Citi Stays On The Sidelines Amid a banking-deal boom, Citi's Chuck Prince isn't buying. But his do-nothing stance may be smarter than it looks.
By Shawn Tully

(FORTUNE Magazine) – The once sleepy retail banking business is now a fast-paced, deal-hungry space where the big players mostly follow a single, swashbuckling strategy: Buy lots of branches before your rivals can grab them--even if expanding your footprint means paying huge prices. Since late last year, J.P. Morgan, Bank of America, and SunTrust have all announced pricey acquisitions, and in late June, Wachovia agreed to pay a king's ransom of $14.3 billion for SouthTrust of Birmingham. But one maverick isn't buying the conventional wisdom. Citigroup, the world's largest financial conglomerate, is sitting on the sidelines. The stance of Chuck Prince, who's been Citi's CEO for just nine months: Prices are too high, and once they come down there will be plenty of deals to feast on. Shunning the frenzy is probably smart. Warns Charles Wendel, chief of Financial Institutions Consulting: "The banking industry is marching in a lemming-like fashion to buy more branches when it's not clear that many banks can get the efficiencies or extra revenues to justify the prices they're paying."

Citigroup's lone-wolf approach is especially remarkable because, of all the big banks, it's the one that needs to grow its branch network the most. A giant in U.S. consumer finance, credit cards, and brokerage, with the world's broadest retail network outside the U.S., Citi is shockingly undersized in its home market. It has only 800 U.S. branches, vs. 5,600 for Bank of America, 3,200 for Wachovia (including SouthTrust's network), and 2,300 for J.P. Morgan (including Bank One). Even regionals like BB&T of North Carolina and Regions Financial of Alabama boast almost twice as many branches as Citi. "In light of Citi's efforts to grow in places like Korea, Thailand, and Indonesia, it's ironic that it hasn't built a large retail network in states like Texas, Florida, and Illinois," says David Hilder, an analyst with Bear Stearns. Today Citi is a major competitor in just two states, New York and California.

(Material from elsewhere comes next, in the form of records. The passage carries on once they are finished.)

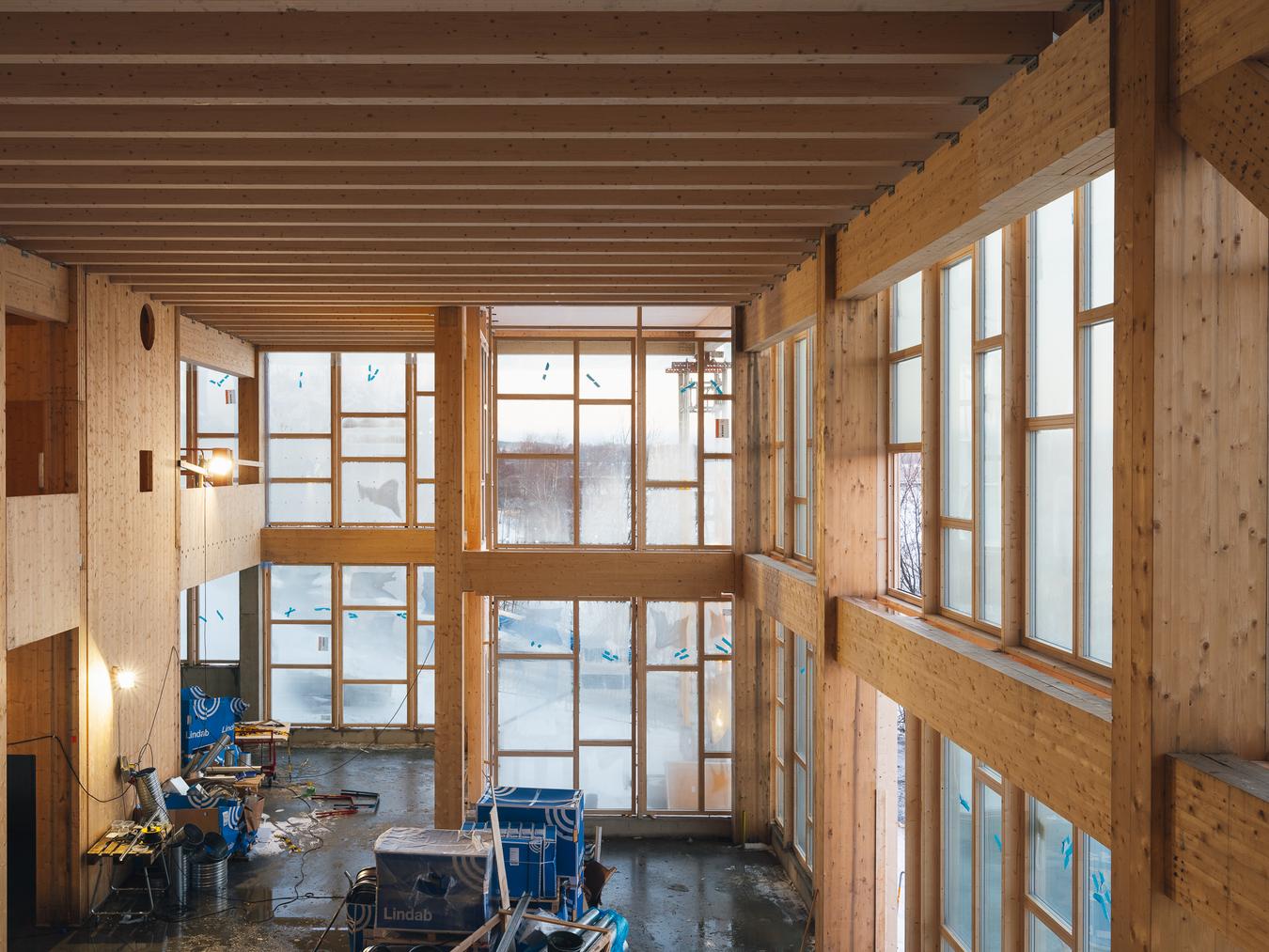 ACE Powerhouse, LINK Arkitektur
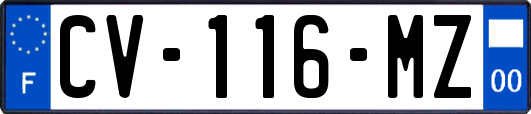 CV-116-MZ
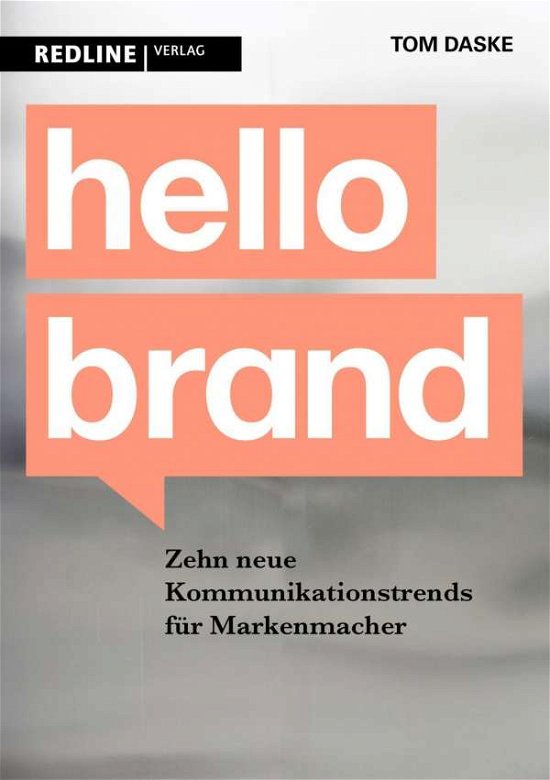 Cover for Daske · Daske:hello Brand (Book)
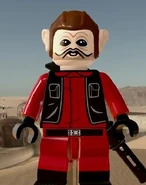 В видеоигре LEGO Star Wars: The Force Awakens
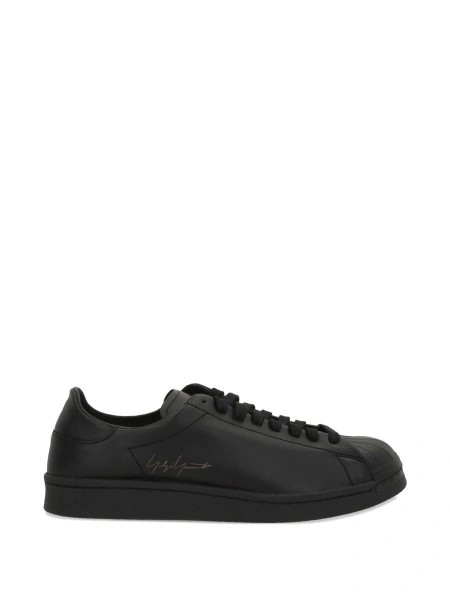 Sneakers Y-3 negri din piele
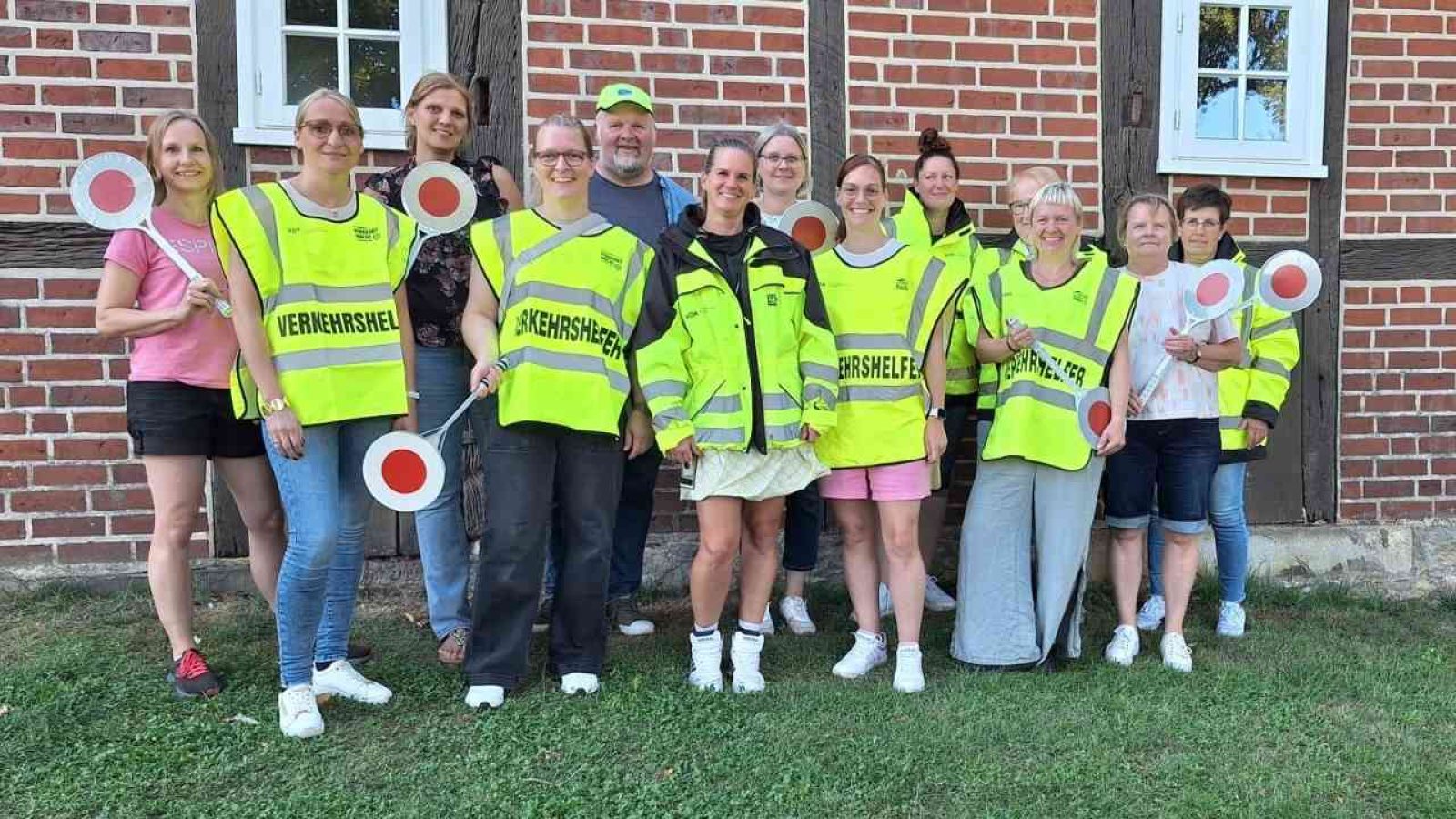 Schülerlotsen in Lengerich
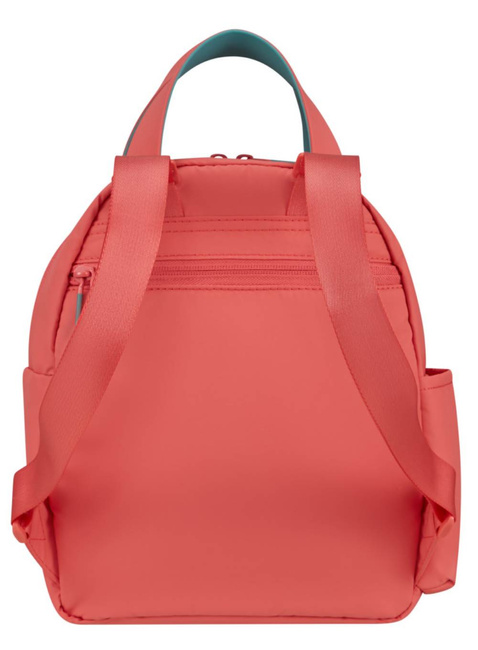 Plecak damski American Tourister PuffyPop Backpack S - sunset coral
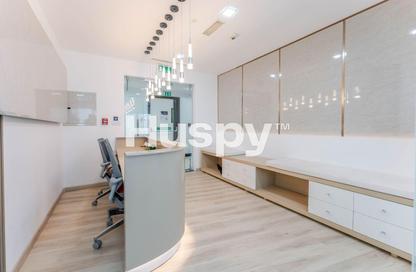 Office Space - Studio - 1 Bathroom for rent in Iris Bay - Business Bay - Dubai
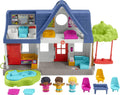 Little People Friends Together Play House Pretend Playset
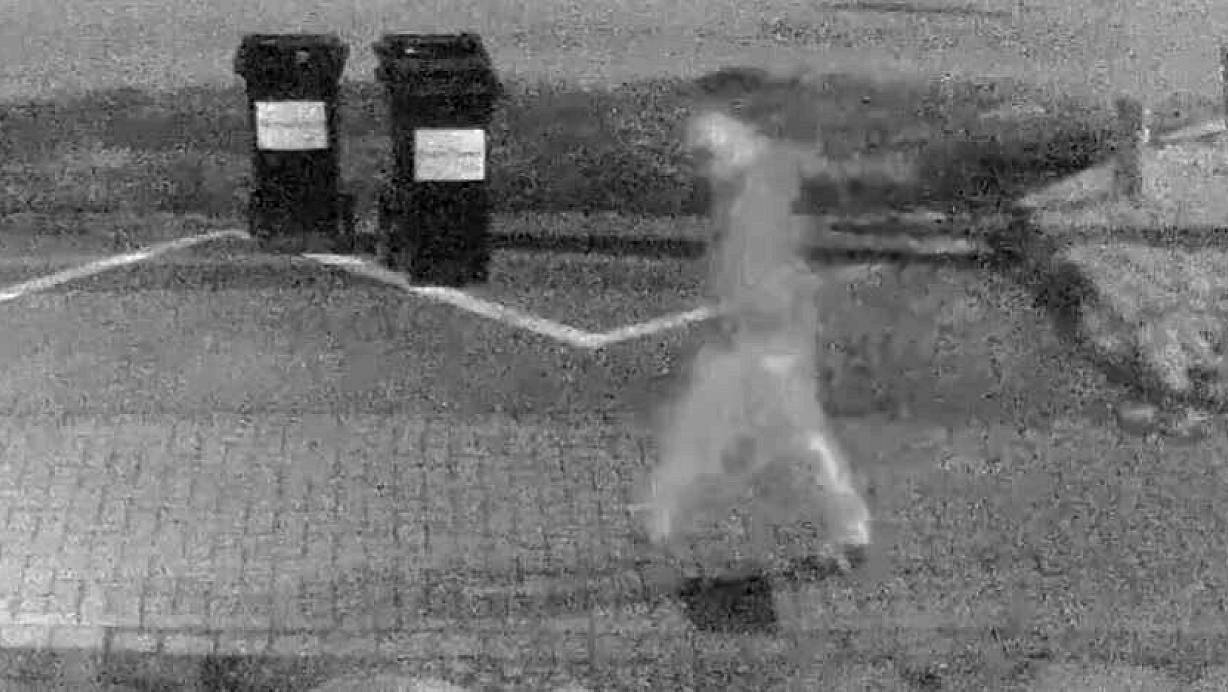 Wer kann Hinweise zu diesem unbekannten mutmaßlichen Gewalttäter geben? | © Polizei Bielefeld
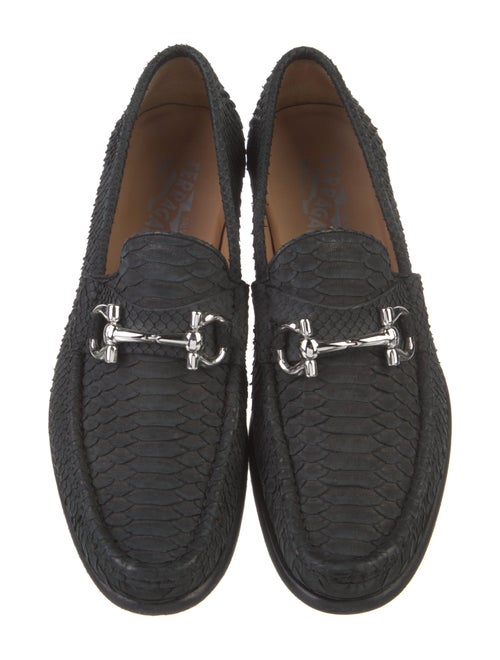 Salvatore Ferragamo Suede Dress Loafers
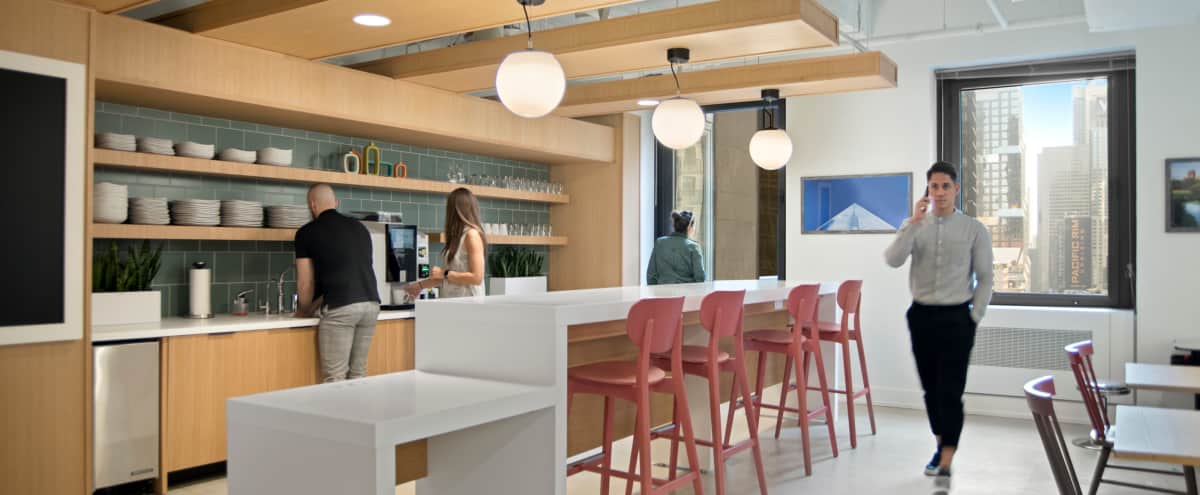 Midtown Industrial Style Office Space Broadway New York Ny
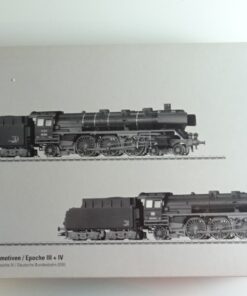 Märklin H0 37955 Set mit 2 Dampflok BR 03.10 Leerverpackung siehe Foto CK9443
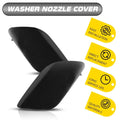 2X Headlamp Washer Nozzle Jet Cover Cap for Audi Q7 (2010–2015) EXV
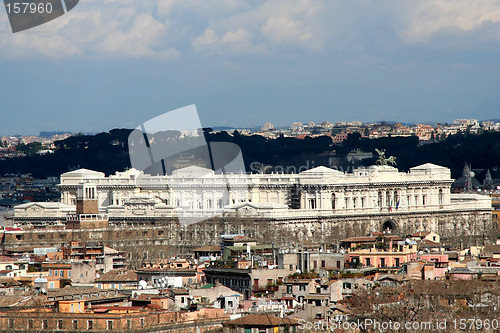 Image of View over Rome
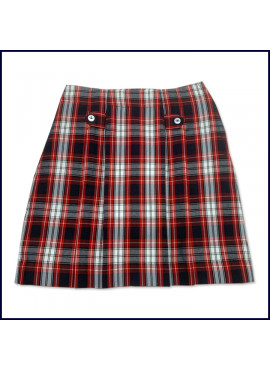 Plaid Jane Skort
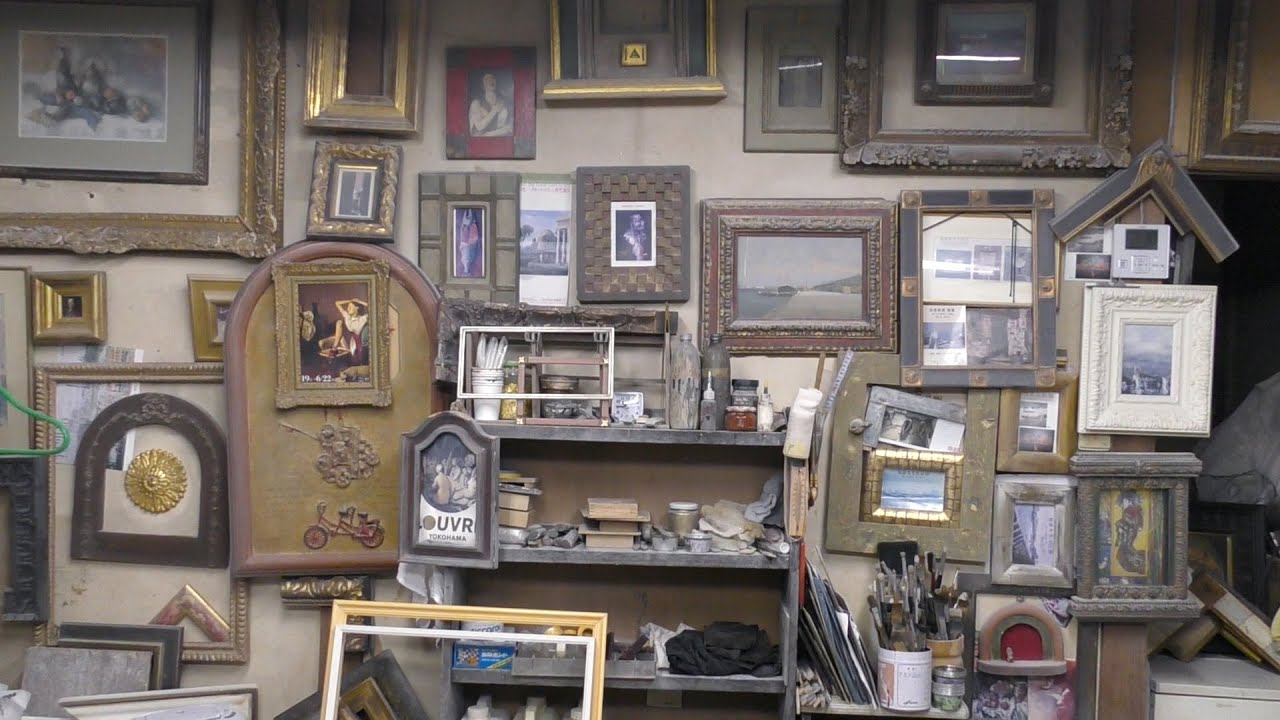 【額装】日本の伝統工芸としての額造り/レモン画翠アートフレーミング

To be sure, Citi is missing lucrative business because of its pygmy status in retail----and management knows it. A vast branch network would enable Citi to sell its credit cards and brokerage services to a far broader array of customers and, by harvesting checking accounts, provide a trove of cheap funds to lend out for car loans and mortgages. "To achieve its potential, Citi needs to expand its retail base," says John McCune, a research director at SNL Financial in Charlottesville, Va. CEO Prince and CFO Todd Thomson have said frequently that growing their branch footprint by buying other banks is a top priority. And chairman Sandy Weill has declared publicly that Citi wants to do more in the booming Hispanic market in the Southwest, a powerful growth engine for Wells Fargo and BofA.

But Citi frets about inflated prices, and for good reason. Retail banking faces a combination of slowing growth and wild-eyed buyers. From 1997 to 2002, U.S. deposits increased at a frenzied 7% annual rate, far above the historical average. Since mid-2003, deposit growth has stopped in its tracks. As memories of the bubble fade, Americans are shifting money into mutual funds and are grabbing fewer of the cheap refis that have been swelling checking accounts. Slow deposit growth makes it far tougher to squeeze profits from branches bought in an acquisition. And look at the prices. As recently as 2002, acquirers were paying just 1.8 times book value for banks. This year the figure is 2.5 times----near the peak levels of the late 1990s, when acquirers like First Union and NationsBank vastly overpaid for branches, sinking their stock prices for years.

Prince vows that Citi won't get blinded by the torrent of dealmaking. "We're in a cycle where prices for branches are out of line," said Prince at a recent investor conference. "This is not the last opportunity that Citi will have to do something in retail in the U.S." Prince is right. The landscape remains so fragmented that dozens of regional banks will still be for sale when the cycle turns downward, as it could in the next year or two as interest rates rise.

The question is whether Citi will wait that long: It reportedly bid a high number for Fleet, though BofA won by bidding even more. If Prince can bide his time, then capture a big bank at a bargain price (one candidate is Washington Mutual, selling at just 11 times earnings), he will prove a shrewd, contrarian dealmaker in the Weill tradition. If not, he'll just be one of the gang that paid too much.